Catherine Tharin, a dance writer and scholar, programmed the event (as well as two programs later this year). This slate was curated by Diana Byer, who founded and ran New York Theatre Ballet for many years, stepping down recently. The works performed at Stissing proved a wonderful mix of the billed “masters”—Jerome Robbins, Martha Clarke, Richard Alston—plus young choreographer / 
dancers who may earn that moniker in the future: James Whiteside, Melissa Toogood, and dancers Treiber and Donohue. Scales played two musical interludes as well, making for a lively, packed 70-minute bill.

Mamborama, choreography by James Whiteside. Photo by Richard Termine,
courtesy of New York Theatre Ballet. Dancers: Amanda Treiber and Mónica Lima
in a 2022 performance at Florence Gould Hall


Byer is a renowned figure in the ballet world, and the dancers showed her Cecchetti style training, although not all of the pieces were strictly classical. The most balletic works were Robbins’ Rondo (with playful variations on pointe and big chainés and leaps) and Alston’s The Small Sonata, with dramatic archer poses and Amanda Treiber tenderly wrapping a leg around Julian Donahue—both radiant in their bejeweled, webby tunics. In Treiber’s Wind-Up, the women wore toe shoes as well, and Donahue joined them, creating playful, geometric shapes with a modern feel.

Martha Clarke’s dramatic flair marked Nocturne: wearing only a tulle skirt, head shrouded in gauze with eyeholes, Mónica Lima limped on, a defeated phantasm of a romantic ballerina. She covered her nakedness with her arms and skirt, trying to flap her vestigial wings, and collapsed. She untied the red ribbon from her neck, using it as a makeshift cane to hobble off. Haunting indeed, and a step beyond the proverbial dying swan. In Toogood’s A Study with Mónica, Lima knelt, palms flat on the stage, and drew her hands up her body and aloft, stretching keenly. Stillness was as important as movement, and precision key in a perfect low arabesque, arms levered in front.

The Small Sonata, choreography by Richard Alston. Photo by Richard Termine, courtesy of
New York Theatre Ballet. Dancers: Amanda Treiber and Julian Donahue in a
2020 performance at Danspace Project

In Square the Circle choreographed by Donahue, the foursome wore sneakers and bright, sporty separates. The movement was equally bold and space-eating, with the dancers uniting in a kind of square dance section. It vied for the flashiest dance on the slate with James Whiteside’s Mamborama (excerpt), with Lima and Treiber in sparkly, cabaret-style tunics and on pointe, zazzing it up with humorous puppy paw hands, snapping and counting fingers, and jazzy rhythmic interpretations.
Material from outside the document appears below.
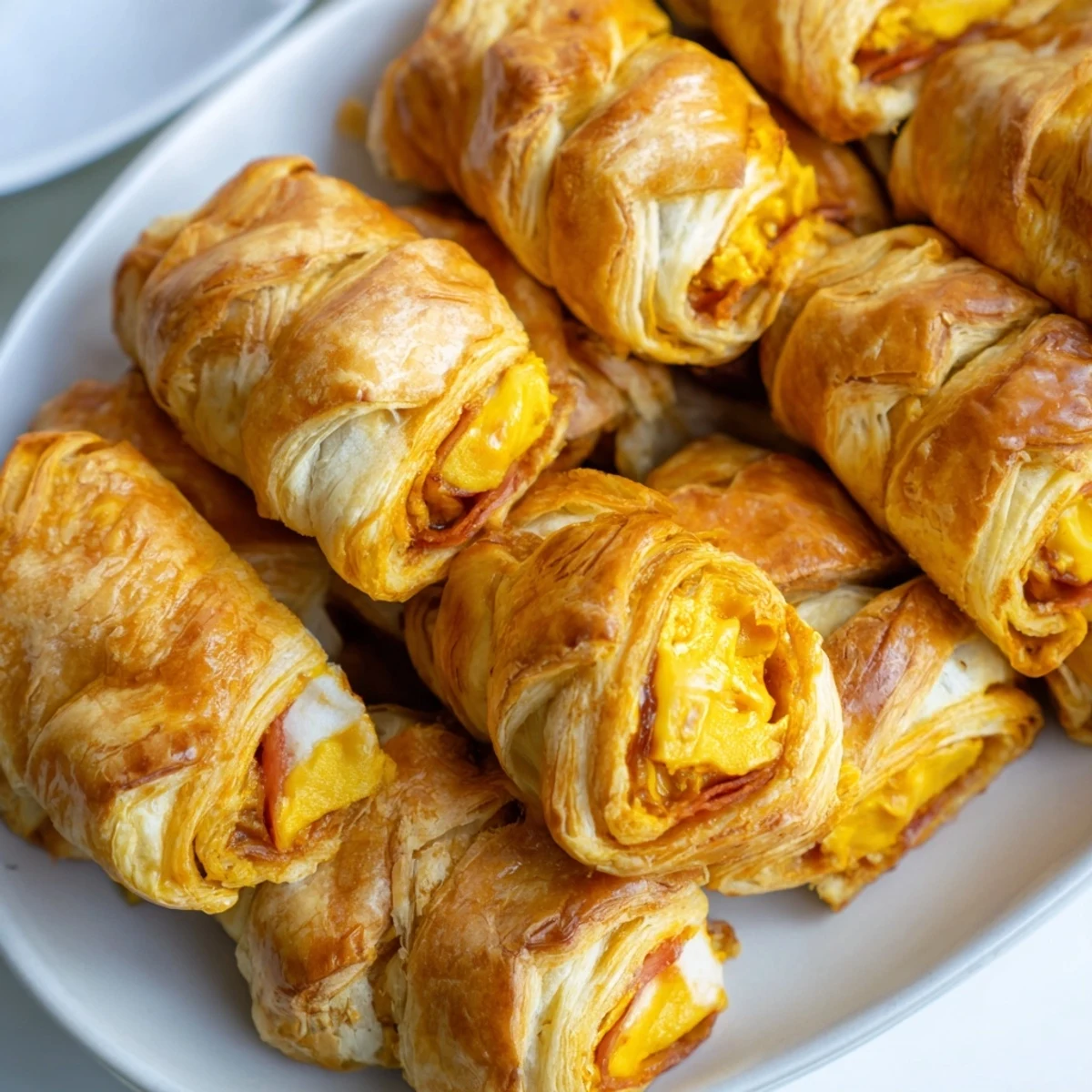 Warm, buttery aroma rising from sliced Salami Scrolls with cheddar cheese, a delicious party snack delight.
Departing the Stissing Center, we were offered old-fashioned boxes of popcorn for the road. What a nice gesture after a satisfying, dense, buffet of dance. Two more dance offerings follow: Seoul-Mate, Korean traditional and contemporary dance on June 2, and The Bang Group, featuring David Parker’s contemporary work filled with drama, wit, and rhythm, on Oct 4 & 5.